• **GOAL OF THE EXERCISE**: For each line below that holds the word "with", make a copy.

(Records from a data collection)
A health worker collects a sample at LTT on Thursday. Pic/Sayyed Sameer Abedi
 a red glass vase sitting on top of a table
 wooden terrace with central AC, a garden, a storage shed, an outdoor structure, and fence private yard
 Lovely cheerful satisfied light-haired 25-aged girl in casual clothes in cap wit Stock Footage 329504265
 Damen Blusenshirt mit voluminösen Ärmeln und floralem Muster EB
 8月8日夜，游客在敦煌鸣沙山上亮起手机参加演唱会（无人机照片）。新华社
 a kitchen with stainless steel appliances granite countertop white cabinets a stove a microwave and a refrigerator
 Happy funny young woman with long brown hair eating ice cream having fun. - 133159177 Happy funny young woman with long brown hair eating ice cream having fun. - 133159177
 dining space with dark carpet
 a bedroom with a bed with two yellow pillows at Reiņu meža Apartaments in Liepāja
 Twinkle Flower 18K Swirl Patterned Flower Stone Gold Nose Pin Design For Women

• **EXERCISE ANSWER**:
 wooden terrace with central AC, a garden, a storage shed, an outdoor structure, and fence private yard
 a kitchen with stainless steel appliances granite countertop white cabinets a stove a microwave and a refrigerator
 Happy funny young woman with long brown hair eating ice cream having fun. - 133159177 Happy funny young woman with long brown hair eating ice cream having fun. - 133159177
 dining space with dark carpet
 a bedroom with a bed with two yellow pillows at Reiņu meža Apartaments in Liepāja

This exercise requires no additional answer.